--- Dataset Enclosed Below ---
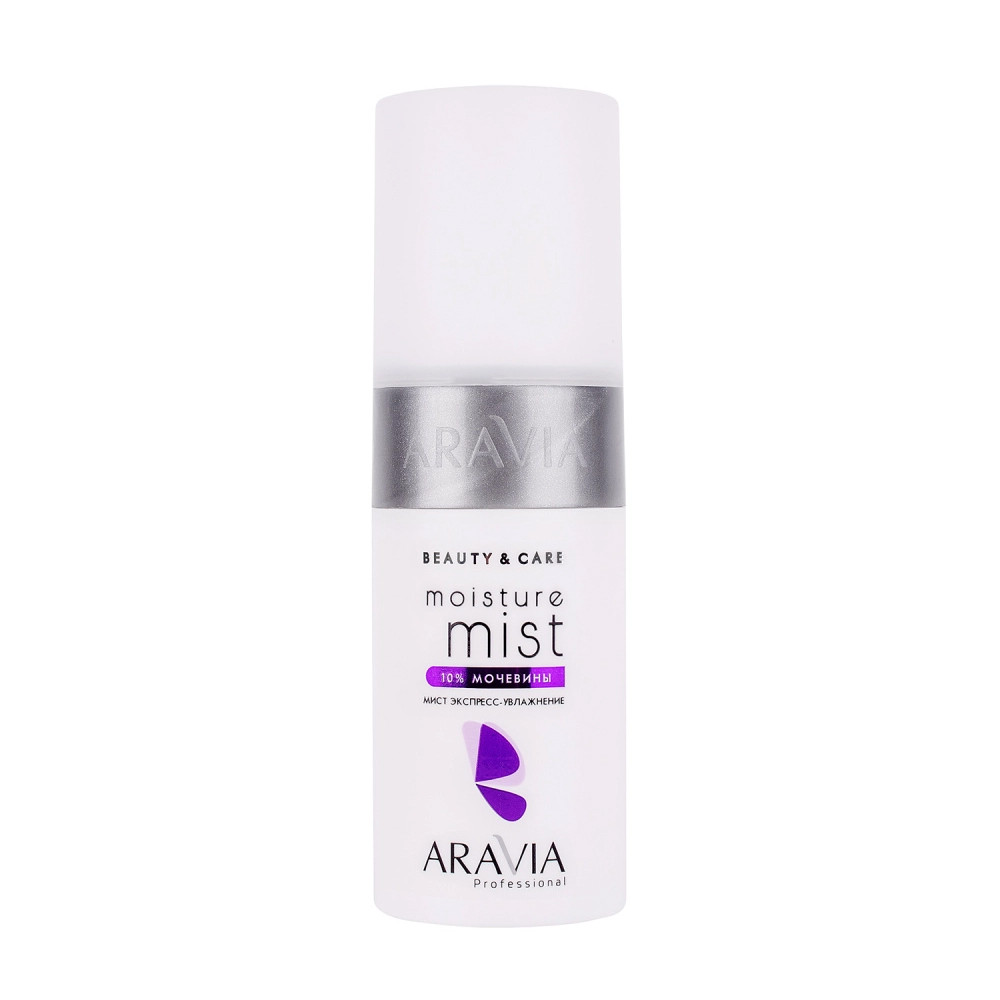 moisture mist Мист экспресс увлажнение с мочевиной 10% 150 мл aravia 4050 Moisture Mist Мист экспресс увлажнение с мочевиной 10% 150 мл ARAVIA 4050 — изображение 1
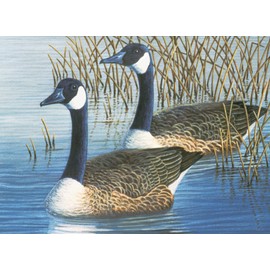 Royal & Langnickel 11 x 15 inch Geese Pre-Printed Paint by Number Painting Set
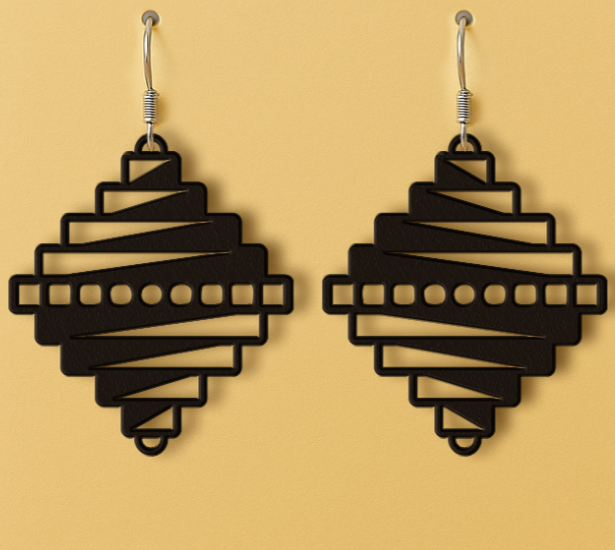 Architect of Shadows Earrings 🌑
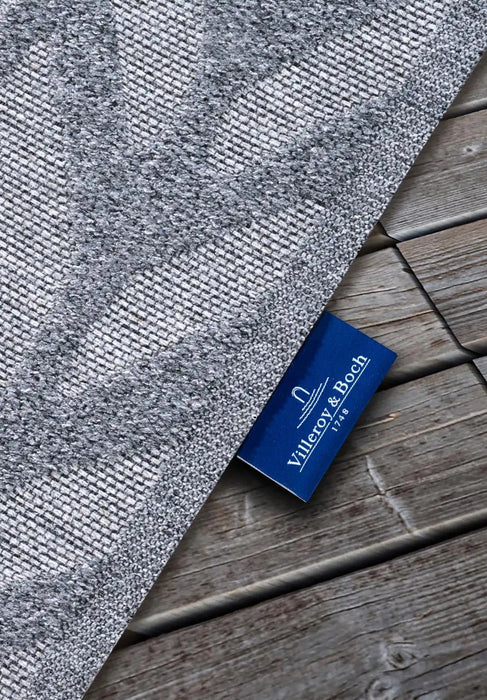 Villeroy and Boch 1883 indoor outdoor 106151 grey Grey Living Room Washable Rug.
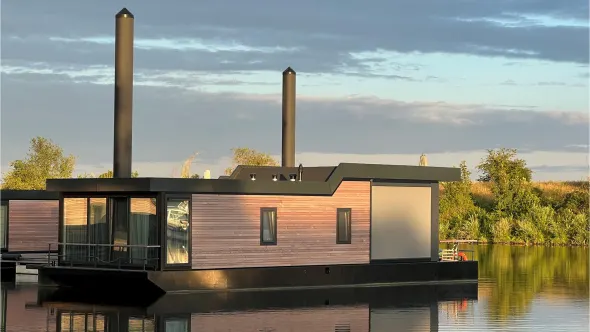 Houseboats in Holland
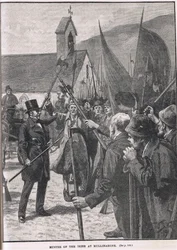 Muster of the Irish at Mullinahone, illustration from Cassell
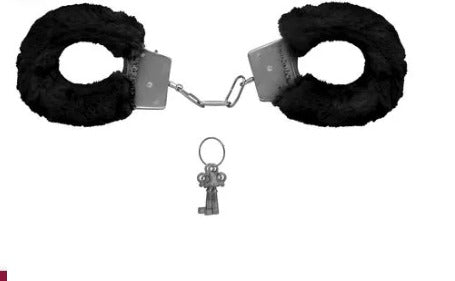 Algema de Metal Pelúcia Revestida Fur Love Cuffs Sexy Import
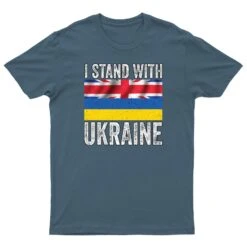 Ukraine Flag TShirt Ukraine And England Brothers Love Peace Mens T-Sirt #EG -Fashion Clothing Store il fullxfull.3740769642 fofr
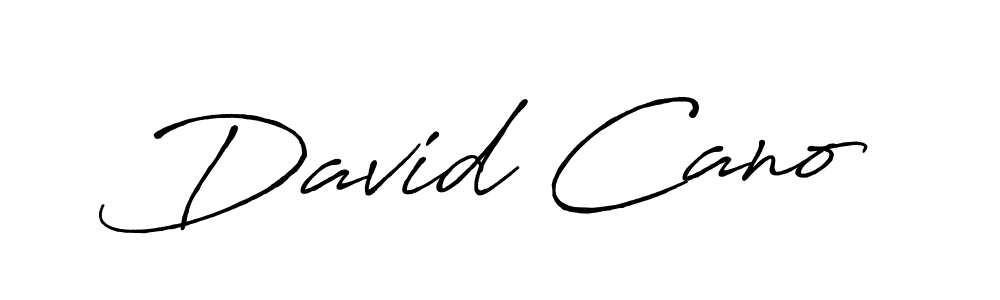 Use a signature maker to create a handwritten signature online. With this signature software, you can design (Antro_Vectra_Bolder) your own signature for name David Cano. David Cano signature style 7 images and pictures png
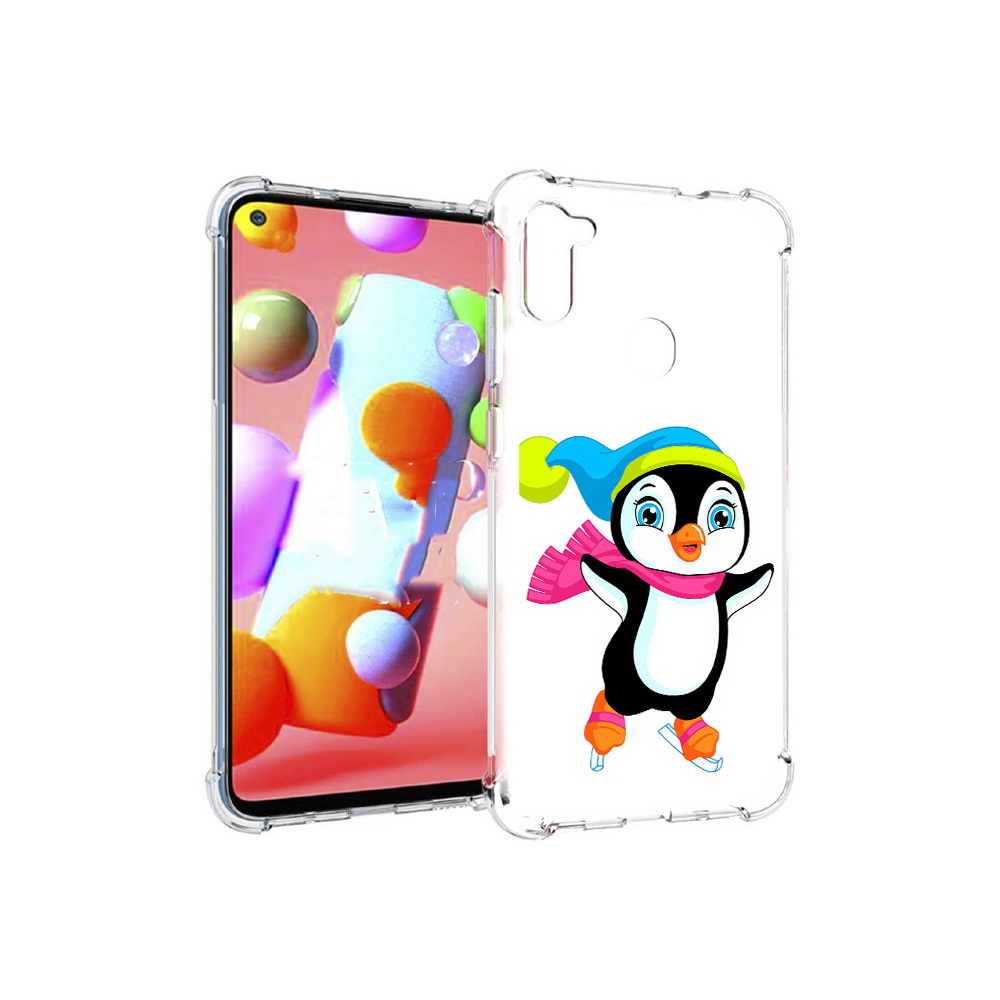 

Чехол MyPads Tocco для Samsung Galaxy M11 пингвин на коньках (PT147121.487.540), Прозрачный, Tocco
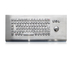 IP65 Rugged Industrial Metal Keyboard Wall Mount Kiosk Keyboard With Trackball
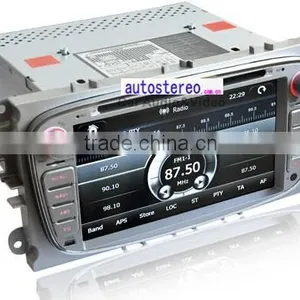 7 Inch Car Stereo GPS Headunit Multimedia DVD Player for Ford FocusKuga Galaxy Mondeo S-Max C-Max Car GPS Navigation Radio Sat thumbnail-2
--- End of Enclosed Dataset ---
> [Exercise requirements]:
Final stretch of the data: repeat exactly each line from the one containing "Ukraine Flag TShirt" through the last, and omit all pictures.

> [Your solution]:
 Ukraine Flag TShirt Ukraine And England Brothers Love Peace Mens T-Sirt #EG -Fashion Clothing Store il fullxfull.3740769642 fofr
 Use a signature maker to create a handwritten signature online. With this signature software, you can design (Antro_Vectra_Bolder) your own signature for name David Cano. David Cano signature style 7 images and pictures png

Чехол MyPads Tocco для Samsung Galaxy M11 пингвин на коньках (PT147121.487.540), Прозрачный, Tocco
 IP65 Rugged Industrial Metal Keyboard Wall Mount Kiosk Keyboard With Trackball
 7 Inch Car Stereo GPS Headunit Multimedia DVD Player for Ford FocusKuga Galaxy Mondeo S-Max C-Max Car GPS Navigation Radio Sat thumbnail-2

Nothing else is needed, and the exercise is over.